10 Design Principles for AWS Cloud Architecture
Cloud computing is one of the boons of technology, making storage and access of documents easier and efficient. For it to be reliable, the cloud architecture need to be impeccable. It needs to be reliable, secure, high performing and cost efficient. A good cloud architecture design should take advantage of some of the inherent strengths of cloud computing – elasticity, ability to automate infrastructure management etc. Cloud architecture design needs to be well thought out because it forms the backbone of a vast network. It cannot be arbitrarily designed.
There are certain principles that one needs to follow to make the most of the tremendous capabilities of the Cloud. Here are ten design principles that you must consider while architecting for AWS cloud.
Think Adaptive and Elastic
The architecture of the cloud should be such that it support growth of users, traffic, or data size with no drop in performance. It should also allow for linear scalability when and where an additional resource is added. The system needs to be able to adapt and proportionally serve additional load. Whether the architecture includes vertical scaling, horizontal scaling or both; it is up to the designer, depending on the type of application or data to be stored. But your design should be equipped to take maximum advantage of the virtually unlimited on-demand capacity of cloud computing.
Consider whether your architecture is being built for a short-term purpose, wherein you can implement vertical scaling.
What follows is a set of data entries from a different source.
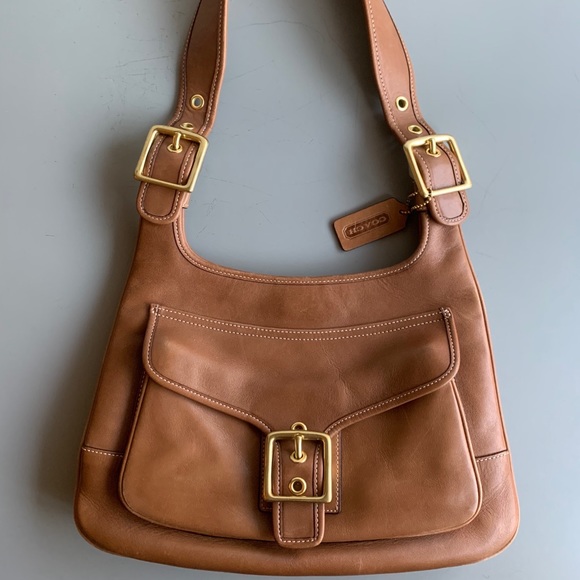 Coach Handbags - EUC Coach Legacy Saddle Leather Hobo Bag
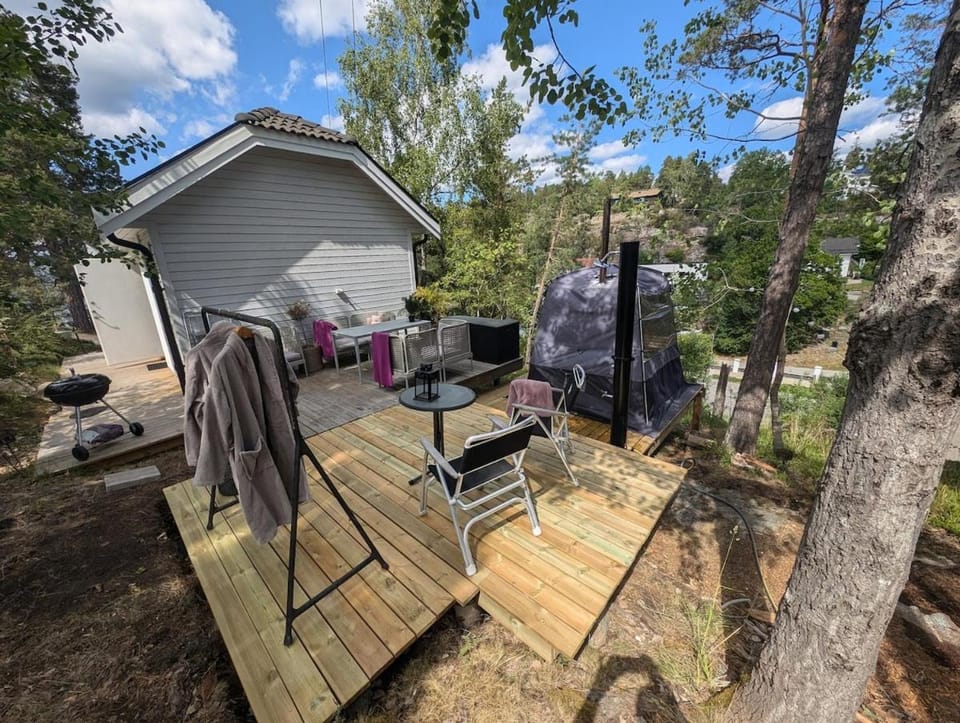 Oasen Retreat ,Sauna, 70m Lake ,10 min Sea House in Stockholm County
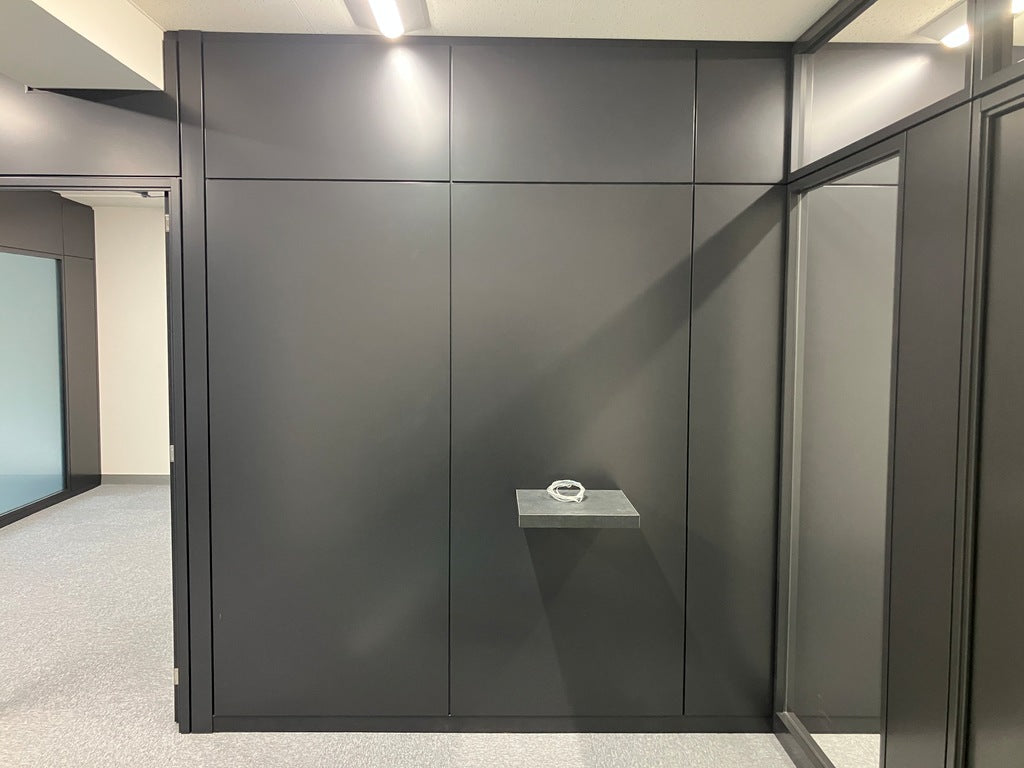 スチールパネルの間仕切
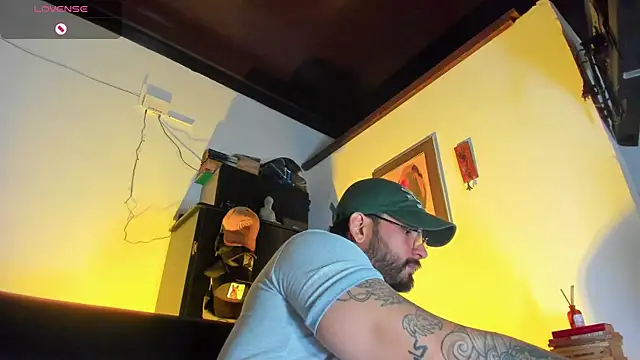 CamiloGray  online show from November 14, 1:54 pm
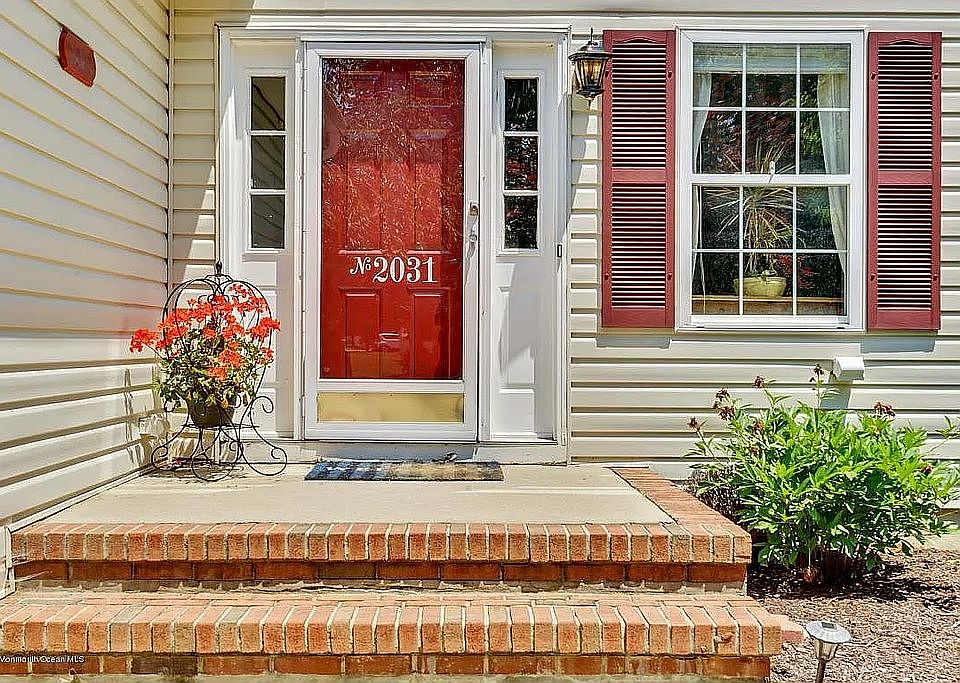 2nd image of 2031 Longewood Ln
Else, you will need to distribute your workload to multiple resources to build internet-scale applications by scaling horizontally. Either way, your architecture should be elastic enough to adapt to the demands of cloud computing.
Also, knowing when to engage stateless applications, stateful applications, stateless components and distributed processing, makes your cloud very effective in its storage.
Treat servers as disposable resources
One of the biggest advantages of cloud computing is that you can treat your servers as disposable resources instead of fixed components. However, resources should always be consistent and tested. One way to enable this is to implement the immutable infrastructure pattern, which enables you to replace the server with one that has the latest configuration instead of updating the old server.
It is important to keep the configuration and coding as an automated and repeatable process, either when deploying resources to new environments or increasing the capacity of the existing system to cope with extra load. Bootstrapping, Golden Images or a Hybrid of the two will help you keep the process automated and repeatable without any human errors.
Bootstrapping can be executed after launching an AWS resource with default configuration. This will let you reuse the same scripts without modifications.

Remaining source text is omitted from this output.